Как тяжело было слышать звон наших колоколов, который доносился до нас с Южной стороны! Туда пробрались французские мародеры, несмотря на запрещение главнокомандующего, так как взрывы все продолжались в разных местах.
И вот, как теперь вижу на плоском мысе трехэтажную круглую Павловскую батарею; вдруг из нее поднимается черный столб, расширяется кверху, как рисуют извержение огнедышащих гор, только не огненный, а черный. Страшный гул, треск. Летят обломки, сыплются камни, взвивается дым и пыль, и менее чем в минуту от трехэтажного здания остались только две небольшие насыпи.
Не хочу и повторять того ужасного рассказа, который потом ходил у нас об оставленных и погибших там людях.
Всей душой желаю и надеюсь, что это неправда; и тогда многие утверждали, что это неправда, что там никого не осталось.
К вечеру пришел к нам А. Бакунин и многие другие из нашего перевязочного пункта; после такого дня и ночи обрадуешься, увидав даже тех, которые и не были симпатичны.
Слава Богу, все, даже все служители нашего пункта, вышли живы и здоровы; только у многих ничего не осталось, кроме того, что было на них.
Ночью мы с сестрой Надежиной уехали на Бельбек.

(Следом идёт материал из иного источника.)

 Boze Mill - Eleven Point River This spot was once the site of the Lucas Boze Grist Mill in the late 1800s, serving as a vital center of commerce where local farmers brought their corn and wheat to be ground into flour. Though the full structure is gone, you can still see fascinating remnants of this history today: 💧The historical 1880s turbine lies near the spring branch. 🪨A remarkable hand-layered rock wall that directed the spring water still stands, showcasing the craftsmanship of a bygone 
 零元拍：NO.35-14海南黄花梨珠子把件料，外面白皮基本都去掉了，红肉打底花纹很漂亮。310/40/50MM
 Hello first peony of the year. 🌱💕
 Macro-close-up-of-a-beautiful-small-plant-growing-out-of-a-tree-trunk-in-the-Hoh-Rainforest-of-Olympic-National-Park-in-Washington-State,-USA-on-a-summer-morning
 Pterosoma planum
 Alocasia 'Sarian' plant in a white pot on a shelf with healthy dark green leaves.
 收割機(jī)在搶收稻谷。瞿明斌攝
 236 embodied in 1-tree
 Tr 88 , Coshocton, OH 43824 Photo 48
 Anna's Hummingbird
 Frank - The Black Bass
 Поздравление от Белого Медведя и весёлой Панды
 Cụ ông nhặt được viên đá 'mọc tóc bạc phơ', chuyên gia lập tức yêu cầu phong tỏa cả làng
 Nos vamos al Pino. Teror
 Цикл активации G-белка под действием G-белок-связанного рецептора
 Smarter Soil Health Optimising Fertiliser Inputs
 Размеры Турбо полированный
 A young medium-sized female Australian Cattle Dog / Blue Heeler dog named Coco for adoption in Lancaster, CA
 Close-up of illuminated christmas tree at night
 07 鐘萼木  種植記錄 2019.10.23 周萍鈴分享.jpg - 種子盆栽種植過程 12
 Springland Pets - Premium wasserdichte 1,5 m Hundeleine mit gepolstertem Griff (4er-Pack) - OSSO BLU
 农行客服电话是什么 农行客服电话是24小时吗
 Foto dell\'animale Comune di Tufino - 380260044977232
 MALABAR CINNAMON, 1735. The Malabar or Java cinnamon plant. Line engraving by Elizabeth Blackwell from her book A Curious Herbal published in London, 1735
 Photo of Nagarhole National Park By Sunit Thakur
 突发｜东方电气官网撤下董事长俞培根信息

И вот нас окружают высокие, красивые деревья; воздух легкий и свежий – вся прелесть южной долины. Тихо; только иногда вспорхнет или чирикнет птичка…
Но, Боже мой, как тяжело! С какой бы радостью я вернулась под наши своды, под неприятельские выстрелы! Но, увы! нам уже нет туда возврата, и пришлось идти в маленькую палатку, которую очень радушно разделила со мной сестра Гардинская.
Сестры, которые давно были на Бельбеке, имели все свое дело, свои палатки, а мы, приехавшие с Николаевской батареи, толкались без дела, comme des âmes en peine. Но я через день уехала в лагерь на Северные высоты, узнав, что там лежит мой крестник-черкес, смертельно раненный при штурме на Малаховом кургане.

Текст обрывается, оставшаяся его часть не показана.